Can you set down, exactly as they appear below, the lines from the opening of the material through the one bearing "2. USDT支持的主要区块链", minus the pictures?

++++ MATERIAL FOR THE TASK ++++

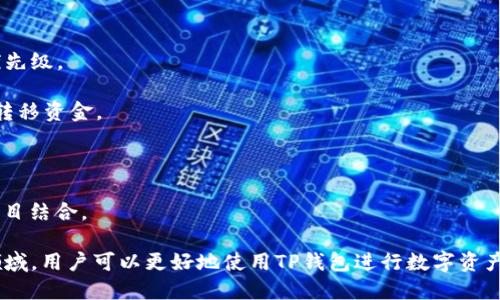    TP钱包中的USDT：究竟是什么链？  / 

 guanjianci  TP钱包, USDT, 区块链, 数字货币  /guanjianci 

TP钱包是一款流行的加密货币钱包，许多用户在使用该钱包时会遇到关于USDT（泰达币）的链方面的问题。USDT是一种稳定币，旨在与美元保持1:1的价值，广泛用于数字货币交易和价值储存。了解TP钱包中的USDT究竟是基于哪种区块链，对于用户的交易和资产管理至关重要。本文将深入分析TP钱包中的USDT所使用的链的情况，以及与此相关的多个方面。

1. USDT的基本概念及作用
USDT，即Tether，是一种以美元为基础的稳定币，其主要目的是减少加密货币市场的波动性。由于其与美元的稳定联系，USDT成为许多交易所的交易对，支持用户以此进行各种交易，提供了流动性和方便性。

USDT的出现让大型投资者和交易者能更有效地进行资产避险，通过将波动大的加密货币转换为USDT，用户可以保护自身资产的价值，避免因市场波动带来的损失。USDT因此成为加密货币生态系统中不可或缺的一部分，尤其在套利交易、市场流动性管理及作为交易对等场景中。

2. USDT支持的主要区块链
USDT并不是基于单一的区块链，而是支持多个区块链，这使得它具备了较高的灵活性。最初，USDT是基于比特币的Omni层协议推出的，但随着市场的发展，为了满足用户的需求，USDT被迁移到了多个新的区块链上，主要包括以太坊、波场（Tron）、EOS等。

1. **Omni Layer**：USDT最初是在比特币的Omni Layer协议上创建的。使用Omni协议的USDT可以在比特币网络上流通。但由于比特币交易速度较慢，导致它的效率和实用性受到限制。

2. **以太坊（ERC-20）**：随着以太坊的逐渐普及，USDT在2018年开始迁移至以太坊的ERC-20标准。这使得USDT的交易速率显著提高，并能够支持智能合约等新功能，成为以太坊网络中的主流稳定币。

3. **波场（TRC-20）**：为了进一步提高交易速度和降低手续费，USDT于2019年在波场网络上推出，成为TRC-20标准的稳定币。波场网络以其高交易吞吐量和低手续费获得了很多用户的喜爱。

4. **其他链**：USDT还支持Tezos、Stacks等其他区块链，用户可以根据自己的需求选择适合的链进行交易。

3. TP钱包中USDT的使用流程
在TP钱包中使用USDT十分简单，用户只需创建一个钱包账户，随即可以方便地接收和发送USDT。以下是清晰的使用流程：

1. **下载TP钱包**：用户需要首先在应用商店中下载并安装TP钱包应用。该钱包支持多种平台，并提供了操作便捷的界面。

2. **创建钱包**：第一次使用的用户需要创建一个新钱包。在此过程中，用户会生成一个助记词，务必妥善保存。一旦丢失，将无法找回钱包中的资产。

3. **充值USDT**：创建完成后，用户可前往“充值”页面，选择USDT，并生成相应的地址。用户将可以通过其他平台转账USDT到此地址。

4. **进行交易**：钱包中有USDT后，用户可以在TP钱包内部进行数字货币交易，或者发起转账给其他用户。TP钱包内也能直接兑换成其他数字货币，方便快捷。

4. TP钱包中USDT的安全性
用户在使用TP钱包时，安全性是一个不可忽视的重要问题。在TP钱包中，USDT的安全性主要体现在以下几个方面：

1. **私钥管理**：TP钱包采用去中心化范式，用户的私钥仅存在于本地，安全性比很多中心化平台更高。只要妥善保管助记词，用户的数字资产就能得到很好的保护。

2. **多重签名机制**：TP钱包部分账户支持多重签名功能，增加了账户的安全性。换句话说，即使某一设备被盗，未经授权的交易也不能完成。

3. **防范钓鱼攻击**：TP钱包注重用户教育，提供防范钓鱼的指南与展示，确保用户能够识别潜在的诈骗链接，保护其资产安全。

4. **定期更新与维护**：TP钱包的开发团队定期进行系统维护，及时修复可能存在的安全漏洞，提高用户的使用体验。

5. 用户面临的问题及解决方案
使用TP钱包的用户经常会面临一些问题，比如无法找到USDT的链、充值延迟等，以下是对这些问题的详尽解答：

1. **充值USDT时无法确认链的问题**：部分用户在充值时可能不清晰自己选择的链，错误选择可能导致资金丢失。解决方案是，在进行充值前确认钱包支持的币种及相应链。

2. **交易处理时间过长**：由于网络拥堵或链上手续费设置不当，用户有可能会面临交易延迟。此时建议检查选择的链的网络状态，适时进行手续费调整。

3. **交易失败时原币消失问题**：在进行跨链转账时，可能会遇到支付失败的问题，解决方案是重新确认需转账的链，并务必遵循对应的操作流程。

4. **USDT价格波动**：尽管USDT是稳定币，但在不同平台报价差异以及交易手续费的变动可能会影响实际资产变动，使用时应全方位评估交易的流动性。

6. 常见的USDT相关问题
人们在使用TP钱包时往往会有一些重复性的问题，以下是6个常见问题及其详尽解答：

1. **USDT和其他稳定币的区别是什么**：USDT与其他稳定币如USDC、DAI等存在设计理念的不同。尽管它们都是以美元为基础，USDT是集中化的，而其他诸如DAI则更加去中心化，用户应该关注其优势与劣势。

2. **TP钱包支持哪些其他加密货币**：TP钱包不仅支持USDT，还支持比特币、以太坊、波场等多个主流数字货币，可以为用户提供全面的数字资产管理服务。

3. **怎样选择适合的转账费用**：用户在进行USDT转账时应根据网络状况选择相应的手续费，以确保交易的顺利完成。一般而言，高手续费可以提高交易优先级。

4. **如何处理丢失的助记词**：如果用户遗失了助记词，将无法恢复钱包，所以在创建过程中特别强调对助记词的备份。如果发生丢失，建议尽量找回，而非转移资金。

5. **USDT的多个不同网络是否会影响转账速度？**：是的，不同链的支持可能影响交易速度和手续费，用户应该在转账前评估并选择合适的链。

6. **USDT的未来发展方向**：随着区块链技术的不断进步，USDT的应用场景和市场接受度也在持续增加，未来其可能会进一步支持更多区块链并与DeFi项目结合。

综上所述，TP钱包中的USDT不仅是在多种区块链上流通的数字货币，还在用户交易体验、安全性以及应用场景上都有独特的贡献。通过充分理解USDT的链领域，用户可以更好地使用TP钱包进行数字资产投资与管理。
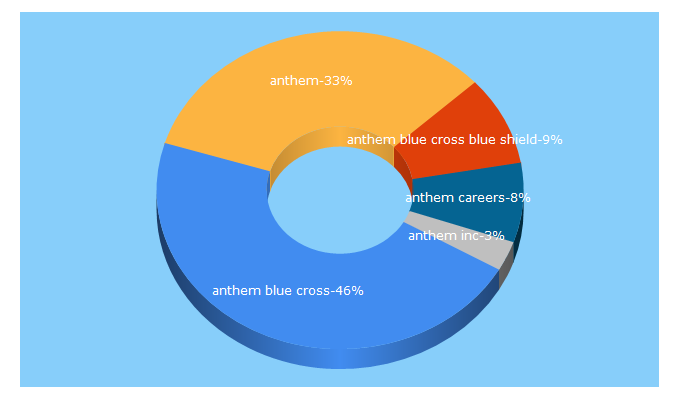 Top 5 Keywords send traffic to antheminc.com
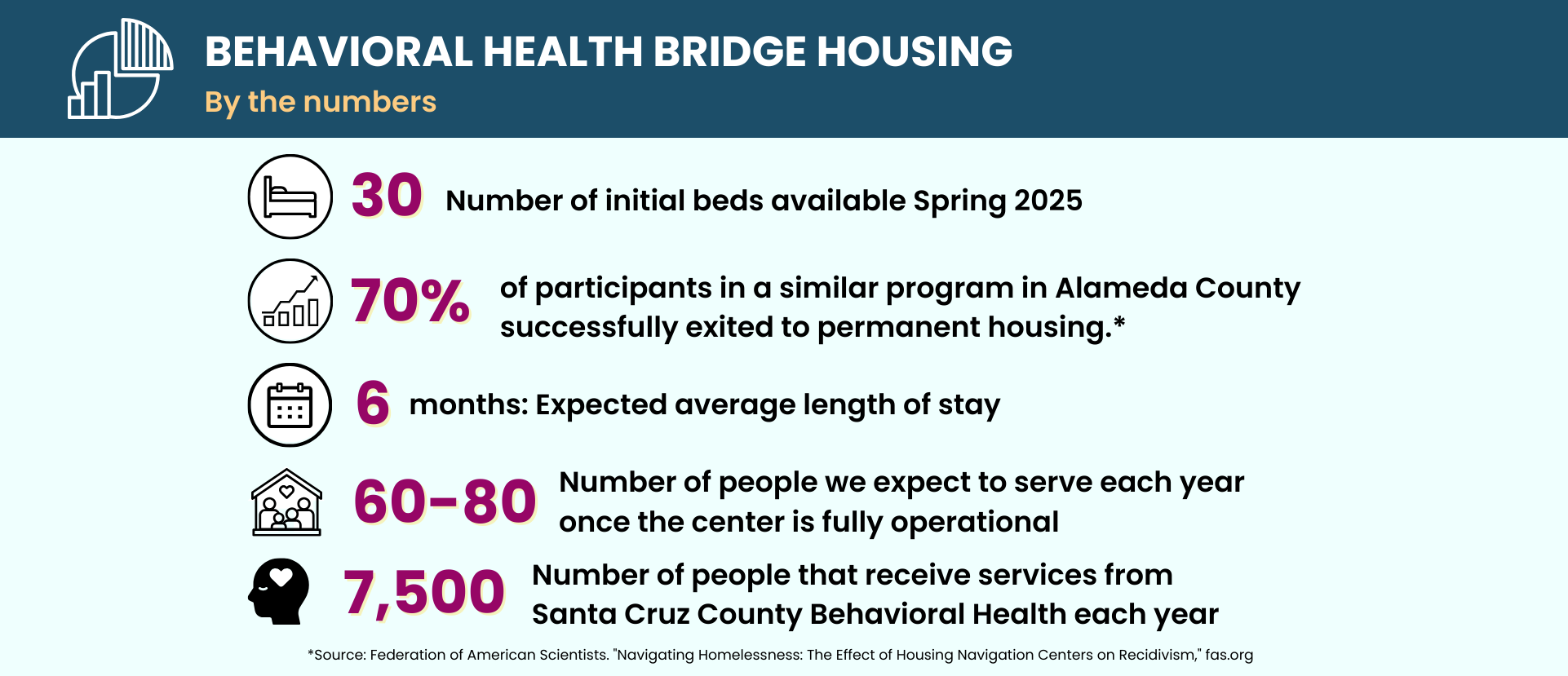 Behavioral Health Bridge Housing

++++

== RESPONSE ==
    TP钱包中的USDT：究竟是什么链？  / 

 guanjianci  TP钱包, USDT, 区块链, 数字货币  /guanjianci 

TP钱包是一款流行的加密货币钱包，许多用户在使用该钱包时会遇到关于USDT（泰达币）的链方面的问题。USDT是一种稳定币，旨在与美元保持1:1的价值，广泛用于数字货币交易和价值储存。了解TP钱包中的USDT究竟是基于哪种区块链，对于用户的交易和资产管理至关重要。本文将深入分析TP钱包中的USDT所使用的链的情况，以及与此相关的多个方面。

1. USDT的基本概念及作用
USDT，即Tether，是一种以美元为基础的稳定币，其主要目的是减少加密货币市场的波动性。由于其与美元的稳定联系，USDT成为许多交易所的交易对，支持用户以此进行各种交易，提供了流动性和方便性。

USDT的出现让大型投资者和交易者能更有效地进行资产避险，通过将波动大的加密货币转换为USDT，用户可以保护自身资产的价值，避免因市场波动带来的损失。USDT因此成为加密货币生态系统中不可或缺的一部分，尤其在套利交易、市场流动性管理及作为交易对等场景中。

2. USDT支持的主要区块链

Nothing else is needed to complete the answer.